Exercise inputs:
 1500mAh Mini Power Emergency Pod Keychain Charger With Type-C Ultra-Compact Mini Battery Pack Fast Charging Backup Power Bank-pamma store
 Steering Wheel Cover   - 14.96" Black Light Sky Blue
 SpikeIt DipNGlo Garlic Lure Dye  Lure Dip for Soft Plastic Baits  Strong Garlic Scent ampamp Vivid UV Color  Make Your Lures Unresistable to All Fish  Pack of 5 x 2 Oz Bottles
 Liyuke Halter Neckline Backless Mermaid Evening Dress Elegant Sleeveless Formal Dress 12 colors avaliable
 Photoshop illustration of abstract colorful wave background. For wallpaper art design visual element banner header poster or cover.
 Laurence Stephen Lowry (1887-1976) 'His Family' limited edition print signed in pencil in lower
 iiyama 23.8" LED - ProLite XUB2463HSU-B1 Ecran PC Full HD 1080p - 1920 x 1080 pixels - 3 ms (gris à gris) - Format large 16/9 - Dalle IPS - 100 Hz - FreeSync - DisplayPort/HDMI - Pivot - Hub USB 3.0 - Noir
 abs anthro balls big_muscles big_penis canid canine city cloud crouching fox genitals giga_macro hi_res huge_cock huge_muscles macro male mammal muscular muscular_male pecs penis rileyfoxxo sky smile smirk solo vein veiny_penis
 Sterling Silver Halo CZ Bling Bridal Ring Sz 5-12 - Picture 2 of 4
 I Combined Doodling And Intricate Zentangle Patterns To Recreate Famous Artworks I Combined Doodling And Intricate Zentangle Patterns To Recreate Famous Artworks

==

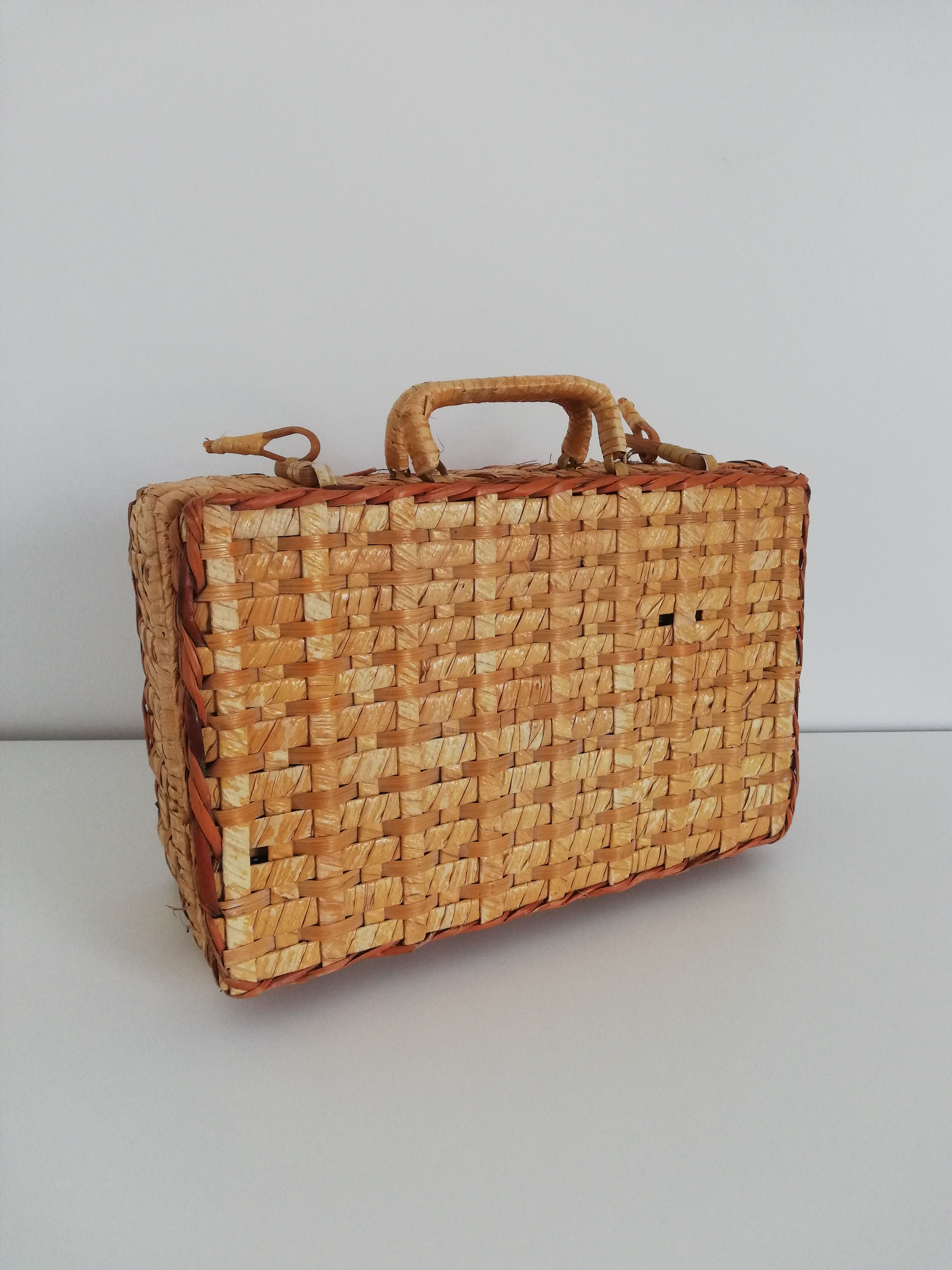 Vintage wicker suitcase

--

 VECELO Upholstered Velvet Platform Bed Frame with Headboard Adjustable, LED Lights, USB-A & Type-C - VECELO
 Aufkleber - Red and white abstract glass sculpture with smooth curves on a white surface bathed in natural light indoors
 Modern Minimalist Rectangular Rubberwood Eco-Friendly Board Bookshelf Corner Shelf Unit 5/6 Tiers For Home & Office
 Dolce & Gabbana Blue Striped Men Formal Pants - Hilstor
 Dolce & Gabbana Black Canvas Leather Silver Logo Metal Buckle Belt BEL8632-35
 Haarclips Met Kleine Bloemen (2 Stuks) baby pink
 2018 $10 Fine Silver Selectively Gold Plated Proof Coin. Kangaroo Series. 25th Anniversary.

Instructions to follow: When you reach the line containing "VECELO Upholstered Velvet" in the data above, start copying exactly, and stop after the line containing "2018 $10 Fine".

Answer for this exercise:
 VECELO Upholstered Velvet Platform Bed Frame with Headboard Adjustable, LED Lights, USB-A & Type-C - VECELO
 Aufkleber - Red and white abstract glass sculpture with smooth curves on a white surface bathed in natural light indoors
 Modern Minimalist Rectangular Rubberwood Eco-Friendly Board Bookshelf Corner Shelf Unit 5/6 Tiers For Home & Office
 Dolce & Gabbana Blue Striped Men Formal Pants - Hilstor
 Dolce & Gabbana Black Canvas Leather Silver Logo Metal Buckle Belt BEL8632-35
 Haarclips Met Kleine Bloemen (2 Stuks) baby pink
 2018 $10 Fine Silver Selectively Gold Plated Proof Coin. Kangaroo Series. 25th Anniversary.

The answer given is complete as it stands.